В статьях Воронского чувствовалась любовь к литературе, и выражал он эту любовь свежими словами. Краски на иных из написанных им литературных портретов до сих пор не пожухли. Сущность Андрея Белого-прозаика сжато и очень верно определена Воронским с помощью метафоры самого Белого: «Мраморный гром». Так Воронений озаглавил свою статью об авторе «Петербурга».
Мне нравились прозаики и поэты, которые нравились Воронскому: Сергей Есенин, Алексей Толстой, Сергей Клычков, Всеволод Иванов, Борис Пильняк, Артем Веселый. Меня трогала та нежность, какую проявлял Воронений к Есенину. Я был всецело на стороне Воронского, когда он защищал Есенина от Бухарина, нападавшего после смерти поэта не столько на «есенинщину», сколько на самого Есенина, которого он изображал певцом хулиганства.

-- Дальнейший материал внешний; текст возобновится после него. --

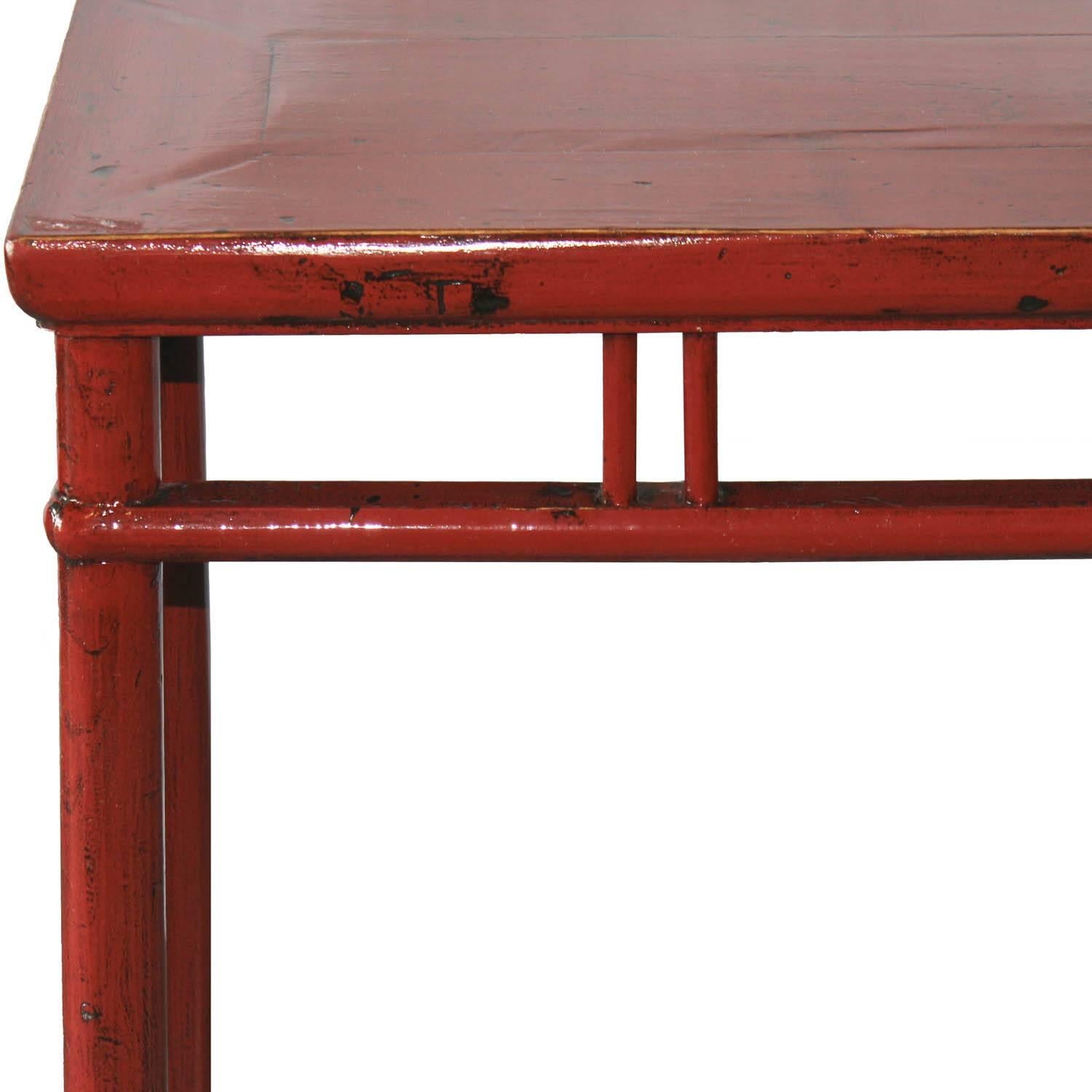 Red Console Table 1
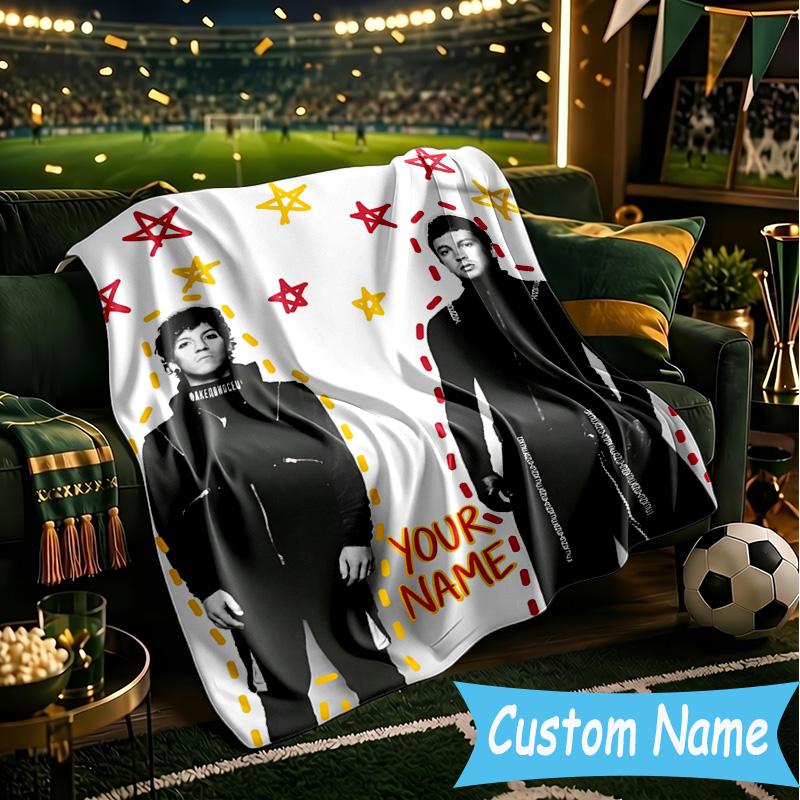 Custom Name Twenty One Pilots Music Evolution Flannel Blanket, Use for Birthday/Holiday Gift, Soft Blanket for Sofa/Bed/Camping/Office, Home Decor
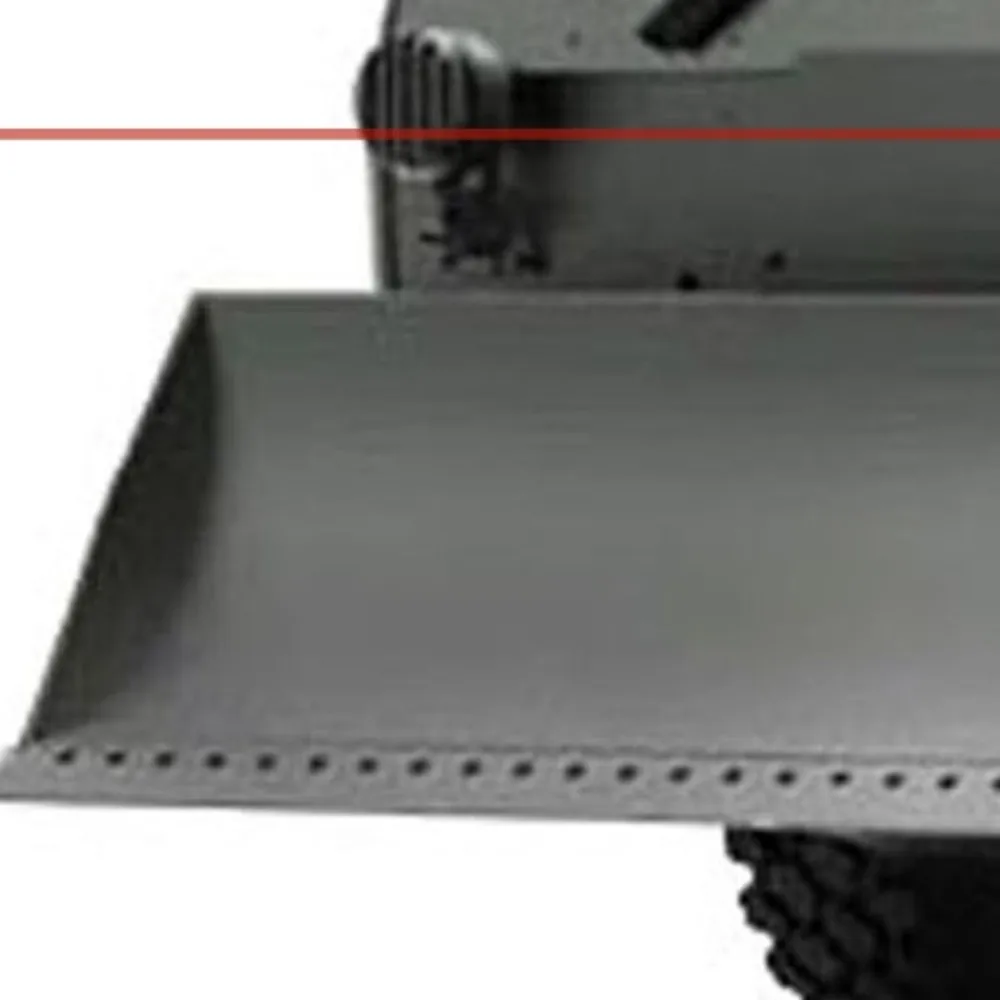 

Снежное лезвие из сплава с сервоприводом из нержавеющей стали для пульта дистанционного управления 1/18 CAPOCUB3, гусеничный радиоуправляемый транспортный автомобиль, обновленные детали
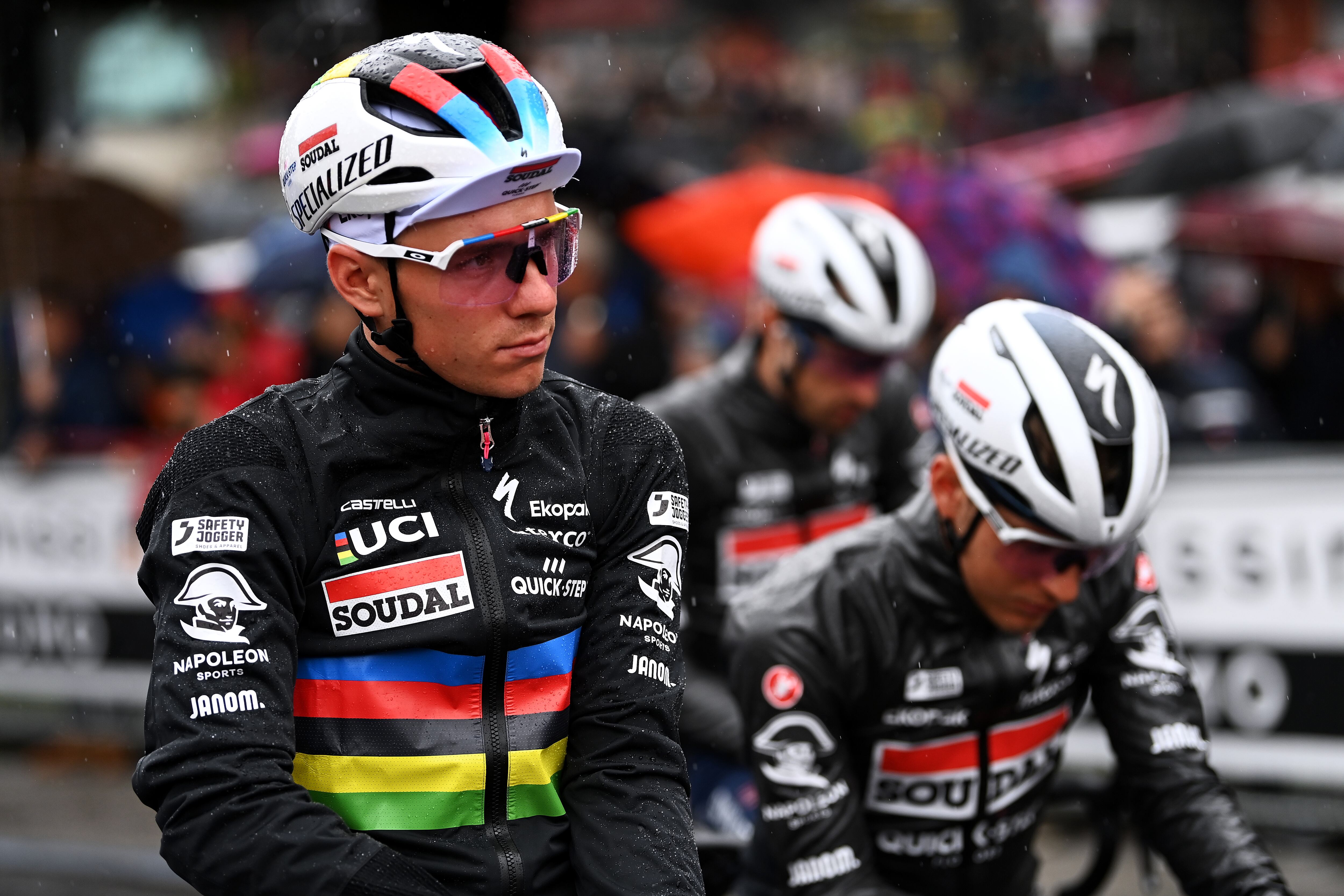 ATRIPALDA, ITALY - MAY 10: Remco Evenepoel of Belgium and Team Soudal - Quick Step prior to the 106th Giro d'Italia 2023 - Stage 5 a 171km stage from Atripalda to Salerno / #UCIWT / on May 10, 2023 in Atripalda, Italy. (Photo by Tim de Waele/Getty Images)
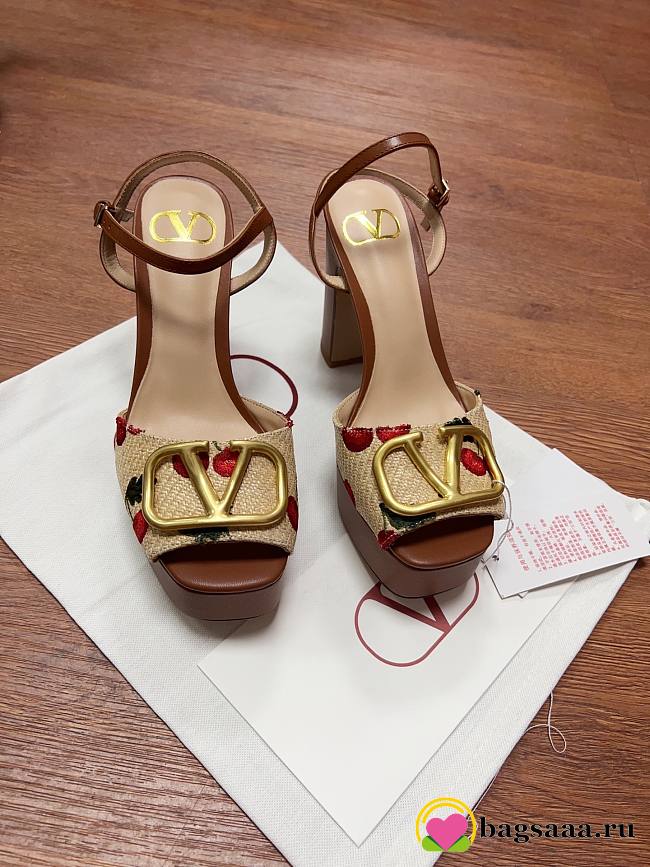 Valentino Garavani 115mm VLogo Signature Cherryfic sandals - 1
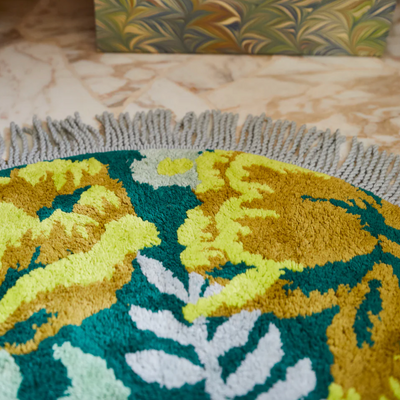 Sage and Clare Margot Round Bath Mat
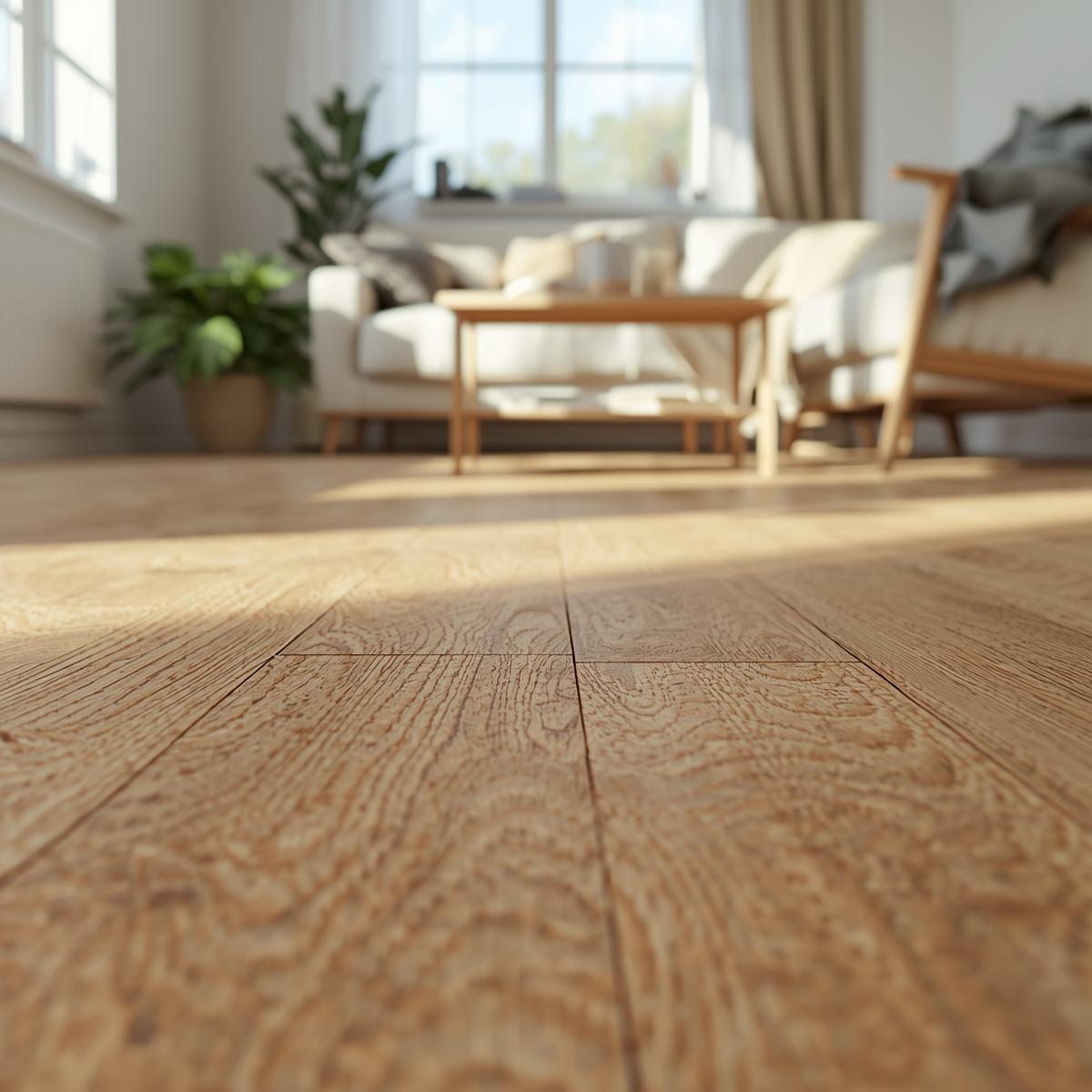 Glue Cork Parquet Flooring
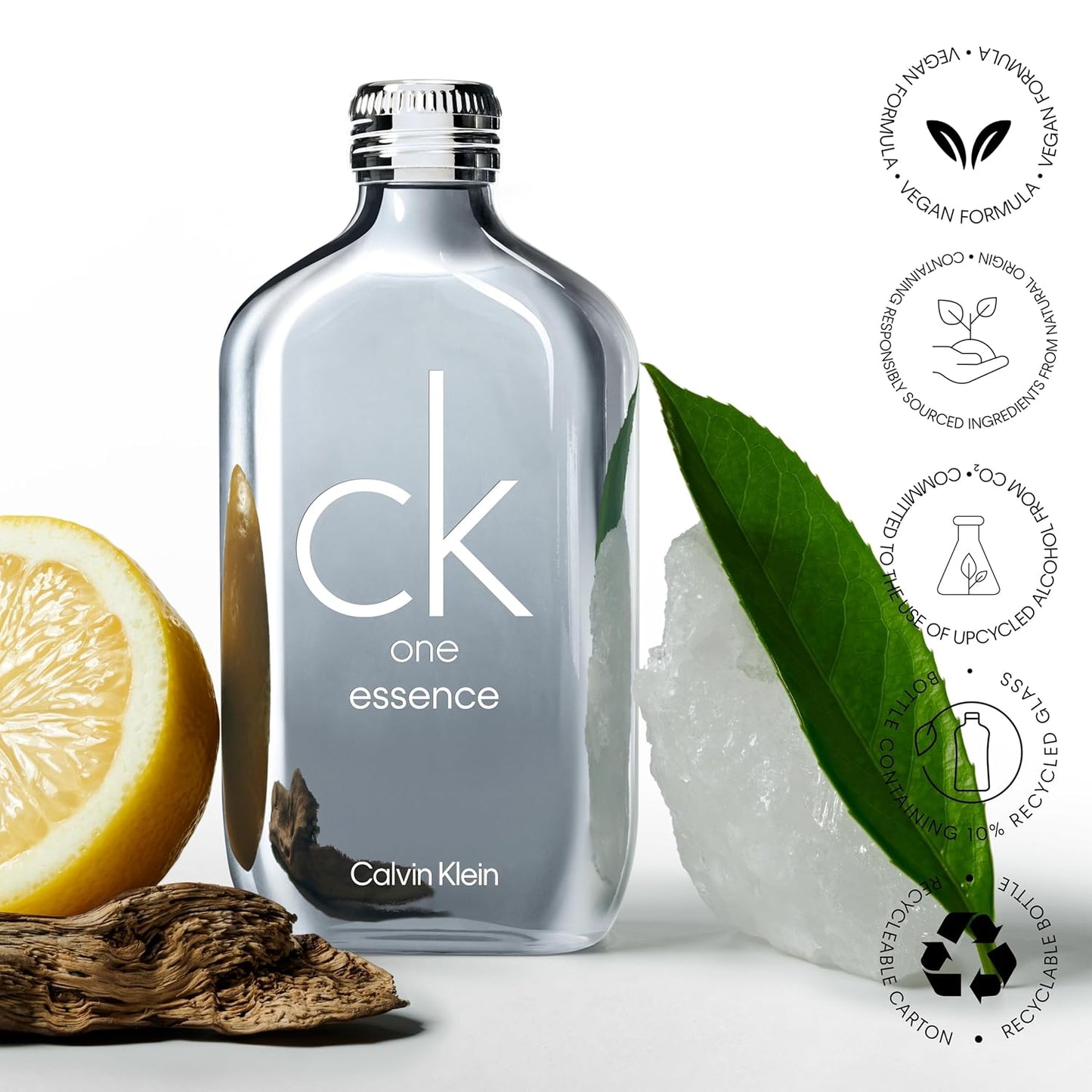 Calvin Klein CK One Essence Parfum Intense – Fresh Unisex Cologne – with Notes of Italian Bergamot, Organic Green Tea & Australian Sandalwood – Long Lasting Fragrance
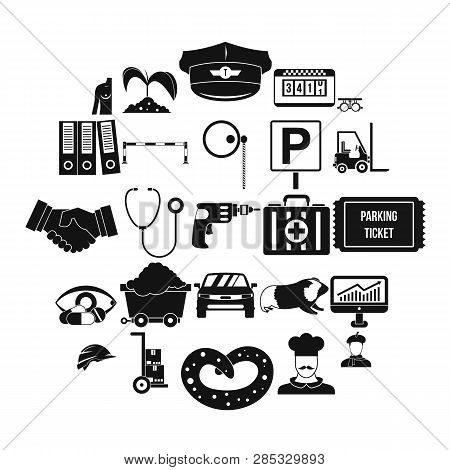 Ideal Job Icons Set. Simple Set Of 25 Ideal Job Vector Icons For Web Isolated On White Background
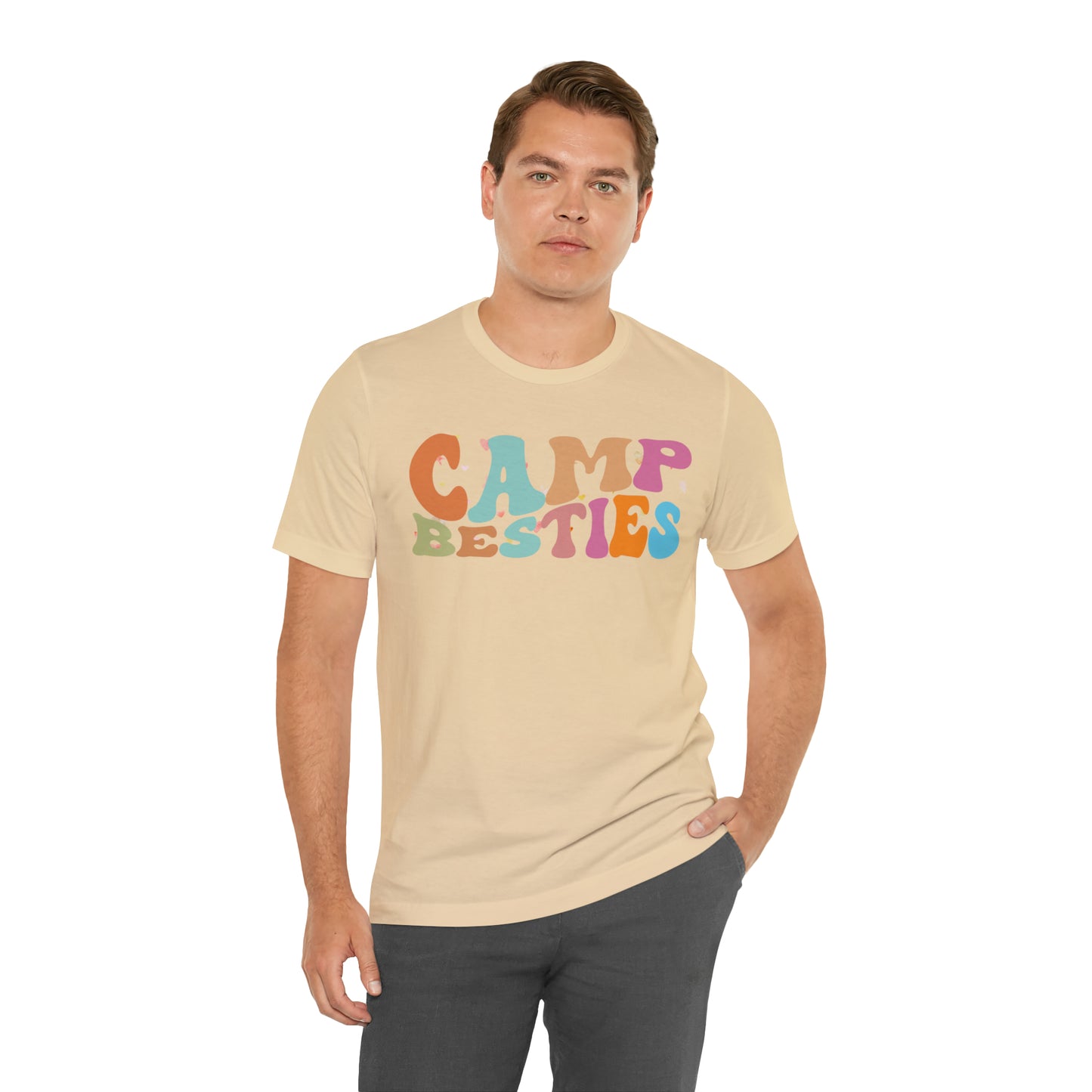 Best Friend Shirt, Gift for Best Friend, Camp Besties Shirt, BFF Shirt, Matching Besties Shirt, Retro Friend Shirt, T482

Воронский держал курс на писательскую интеллигенцию – старую и молодую. Это укрепляло мои симпатии к нему. Книги так называемых «пролетарских» писателей – при всем моем тогдашнем интересе к литературной современности – вываливались у меня из рук. Воронский «недооценил» Серафимовича. Я «Железный поток» не дочитал – меня затошнило от стилистической безвкусицы автора. Воронский «недооценил» Фурманова. Я не смог дочитать «Мятеж» – мне было до того скучно, что однажды я над ним заснул. Я восторгался меткостью ударов, какие наносил Воронский шайке напостовских и налитпостовских бандюг. Главным образом за то, что Воронский защищал от них литературу, у него и отняли в 27-м году им же созданный с благословения Ленина журнал «Красная новь».